The \(\text {W}\text {Z}\) process is simulated at next-to-LO (NLO) with powheg version 2.0 [48, 49] and MadGraph 5_amc@nlo 2.3.3 [50]. The former is used for the central prediction of this background, while the latter is used for the study of systematic differences in kinematic distributions. The \(\text {W}{\upgamma }\) and \(\text {Z}{\upgamma }\) samples, relevant to the \(\text {e}^\pm {\upmu }^\pm \) final state, are generated with the MadGraph 5_amc@nlo event generator at NLO and LO, respectively. To account correctly for parton multiplicities larger than one in the matrix element calculations, the FxFx jet merging scheme [51] is used for the NLO samples, while the MLM jet merging scheme [52] is used for the LO samples. The background contributions arising from \(\text {W}{\upgamma }^{*}\) and \(\text {Z}\text {Z}\) production processes are simulated at NLO with the powheg event generator, while MadGraph 5_amc@nlo is used to simulate the SHS \(\text {W}\text {W}\) process.

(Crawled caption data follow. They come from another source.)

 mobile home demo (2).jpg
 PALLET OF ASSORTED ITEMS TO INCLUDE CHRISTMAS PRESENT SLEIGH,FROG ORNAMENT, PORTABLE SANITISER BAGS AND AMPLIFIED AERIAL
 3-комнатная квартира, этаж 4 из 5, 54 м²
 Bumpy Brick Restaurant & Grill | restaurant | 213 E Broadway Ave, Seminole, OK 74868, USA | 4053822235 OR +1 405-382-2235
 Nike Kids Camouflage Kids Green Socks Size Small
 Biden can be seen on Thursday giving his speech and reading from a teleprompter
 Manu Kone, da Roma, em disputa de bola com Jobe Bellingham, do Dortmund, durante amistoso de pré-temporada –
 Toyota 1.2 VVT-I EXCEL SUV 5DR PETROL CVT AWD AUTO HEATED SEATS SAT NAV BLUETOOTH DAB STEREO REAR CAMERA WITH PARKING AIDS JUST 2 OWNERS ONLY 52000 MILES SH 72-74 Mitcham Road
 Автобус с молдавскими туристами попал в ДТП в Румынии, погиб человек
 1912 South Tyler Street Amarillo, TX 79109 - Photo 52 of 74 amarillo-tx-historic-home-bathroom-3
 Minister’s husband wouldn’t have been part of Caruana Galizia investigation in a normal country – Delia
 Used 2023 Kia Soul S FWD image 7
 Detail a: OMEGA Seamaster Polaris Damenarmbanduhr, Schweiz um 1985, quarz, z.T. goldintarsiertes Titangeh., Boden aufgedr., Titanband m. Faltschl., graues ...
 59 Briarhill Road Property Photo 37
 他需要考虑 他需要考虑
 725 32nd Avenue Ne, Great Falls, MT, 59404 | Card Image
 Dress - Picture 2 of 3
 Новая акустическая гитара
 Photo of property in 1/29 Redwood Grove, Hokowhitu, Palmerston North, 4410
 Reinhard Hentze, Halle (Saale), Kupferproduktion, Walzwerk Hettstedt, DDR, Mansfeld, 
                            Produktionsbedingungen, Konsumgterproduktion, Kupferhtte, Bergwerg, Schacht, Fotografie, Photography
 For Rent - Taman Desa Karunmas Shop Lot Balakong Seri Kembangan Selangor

The generators are interfaced with pythia to model parton showering and hadronization with the same underlying tunes used for the signal generation. The NNPDF PDF sets with version 3.0 [53] are used for 2016, while NNPDF v3.1 [54] PDF sets are used for 2017 conditions in the simulation of all processes. The CMS detector response is modeled in the simulated events using Geant4 [55], and are reconstructed with the same algorithms used for the data. Simulated events are weighted to reproduce the pileup distribution measured in the data. The average pileup in data was 23 in 2016 and 32 in 2017. The simulated MC events are scaled to correspond to the respective theoretical cross sections using the highest order prediction available in each case [56, 57].

5 Background estimation

Background processes can be separated into two categories. The first category consists of processes with genuine same-charge lepton pairs from leptonic decays of bosons produced in the hard scattering. These processes include first and foremost the \(\text {W}\text {Z}\) process, in which both bosons decay leptonically and one of the leptons from the \(\text {Z}\) boson decay is either out of detector acceptance or does not pass the identification criteria. Other such processes include \(\text {W}{\upgamma }^{*}\), \(\text {W}{\upgamma }\), \(\text {Z}{\upgamma }\), and \(\text {Z}\text {Z}\) production, as well as—to a lesser extent—the SHS \(\text {W}^{\pm }\text {W}^{\pm }\) and \(\text {W}\text {W}\text {W}\) processes. Processes involving associated production of \(\text {W}/\text {Z}\) bosons and photons contribute via asymmetric conversions of the photons into lepton pairs inside the detector. All these background components are estimated from MC simulation after applying scale factors to correct for residual differences between simulation and data in the selection, reconstruction, and the modeling of the trigger. These scale factors are measured using a “tag-and-probe” method [42].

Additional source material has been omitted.